• [Problem to work on]: Note the line containing "Apartament cu 2 camere, mobilat în Cișmigiu"; from it through the last line below, give only those lines again, exactly, both ends included, skipping pictures.
# # # # #
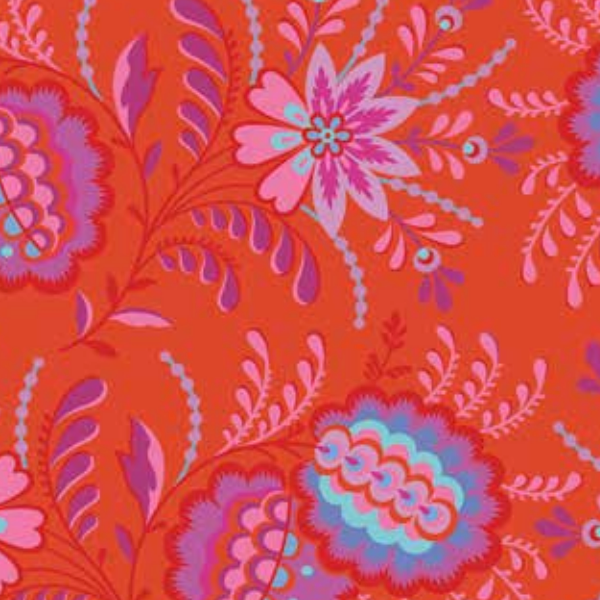 Kipling Gardens Pemberly in Sunset  | Lily Ashbury | Riley Blake Designs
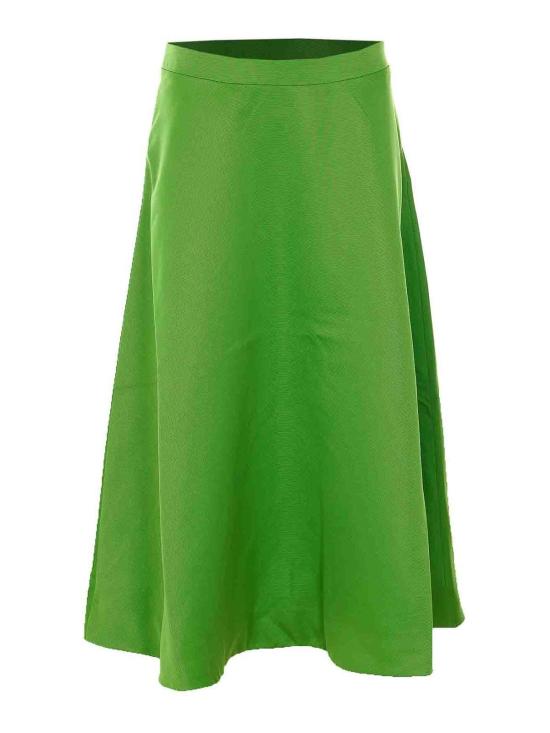 26SS 에센셜앤트워프 롱 스커트 JULIOSG23 Green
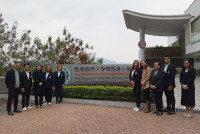 ผู้บริหารคณะศึกษาศาสตร์ มหาวิทยาลัยเชียงใหม่ เยือน The Education University of Hong Kong (EdUHK) 
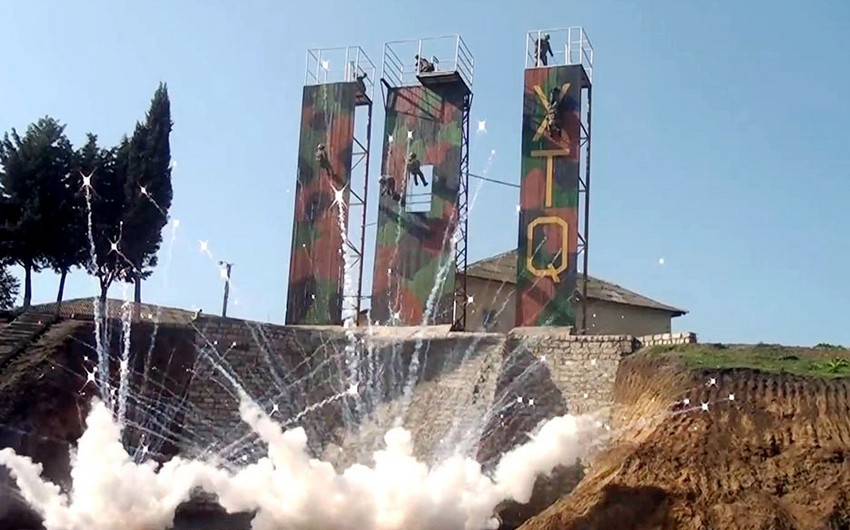 MN: Xüsusi Təyinatlı Qüvvələrin təlimi davam edir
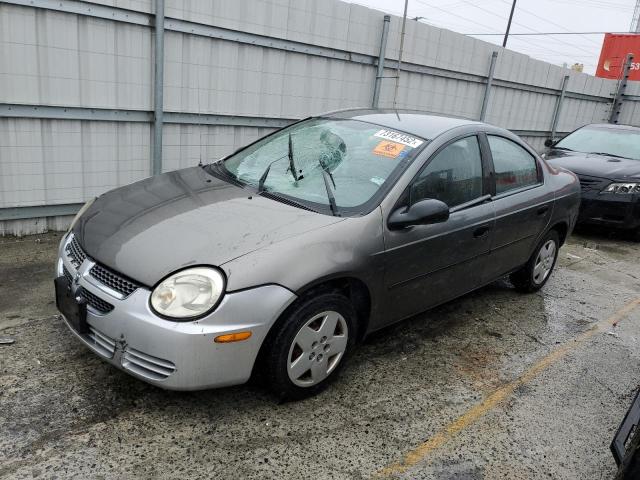 DODGE NEON BASE 2005 with VIN 1B3ES26C95D121351 - Photo from auction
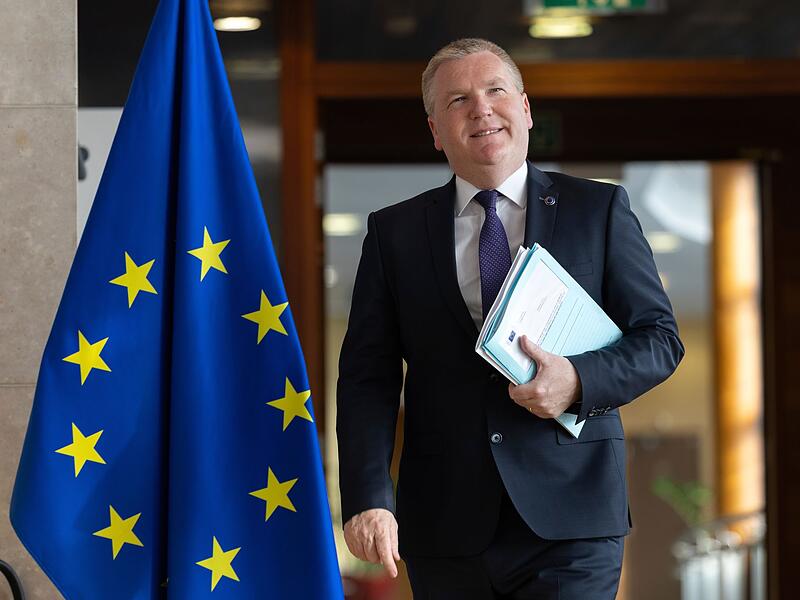 EU-Kommissarskollegium in Br&uuml;ssel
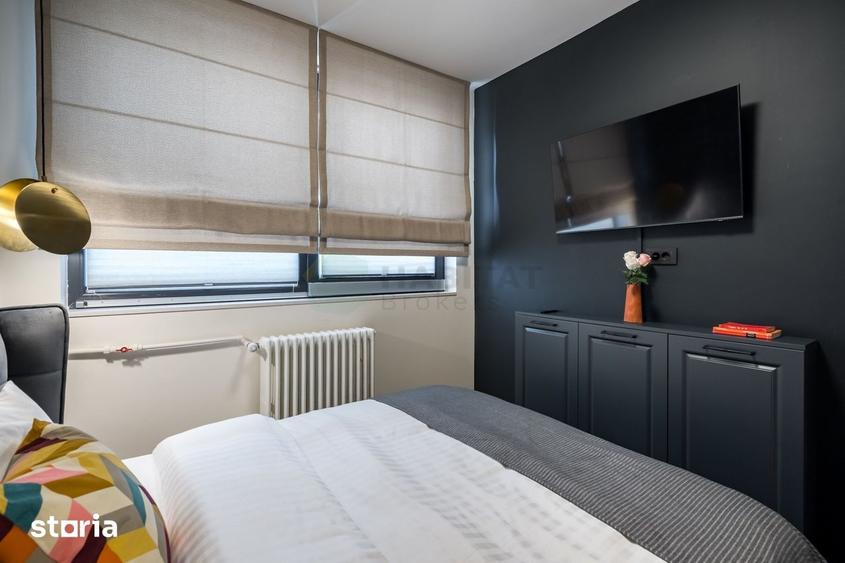 Apartament cu 2 camere, mobilat în Cișmigiu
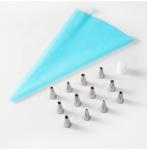 10'' To 18'' 5 Sizes TPU Pastry Piping Bag For Cake Decorating Kitchen Baking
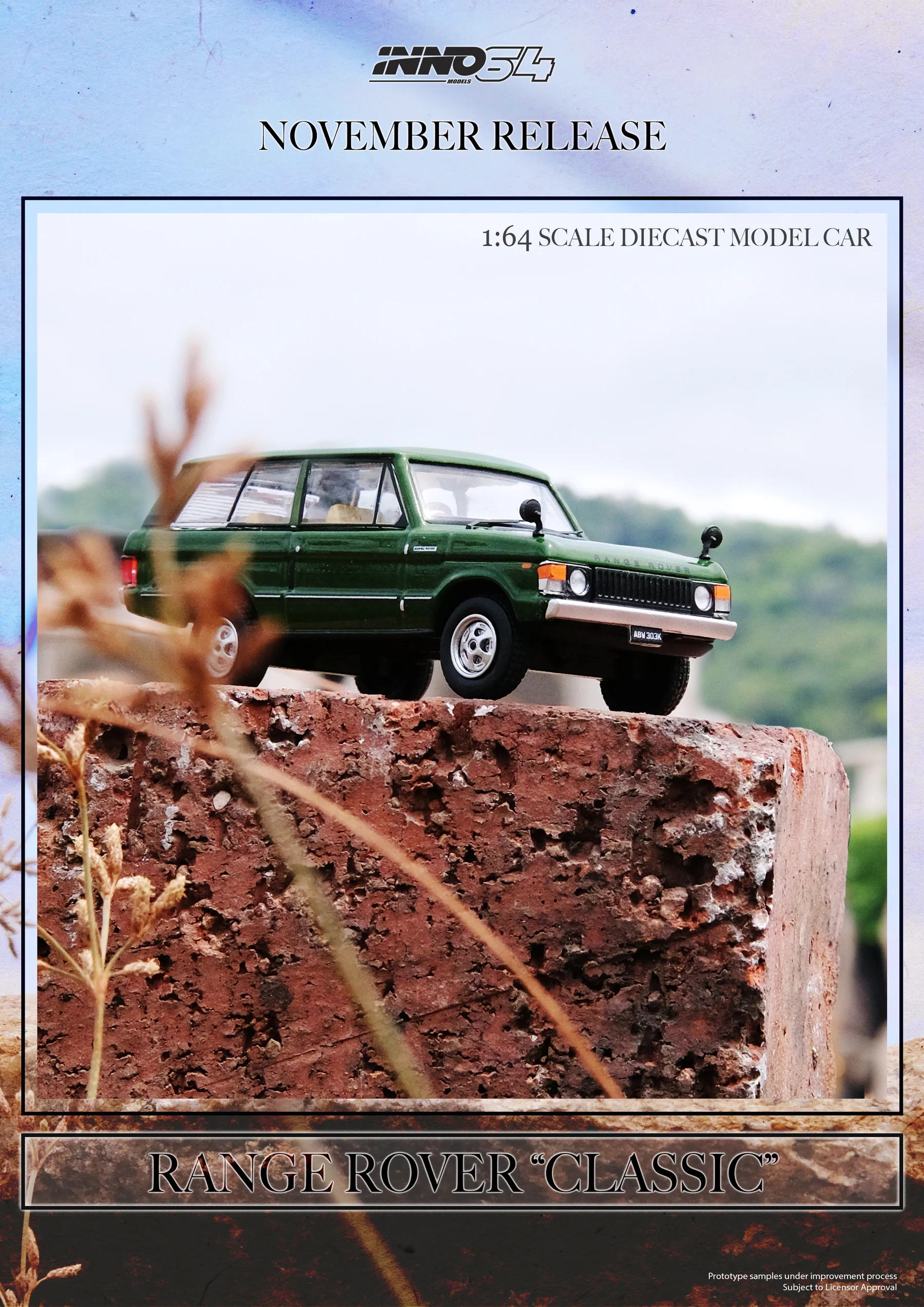 Inno 1/64 RANGE ROVER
# # # # #
• [Completed task]:
 Apartament cu 2 camere, mobilat în Cișmigiu
 10'' To 18'' 5 Sizes TPU Pastry Piping Bag For Cake Decorating Kitchen Baking
 Inno 1/64 RANGE ROVER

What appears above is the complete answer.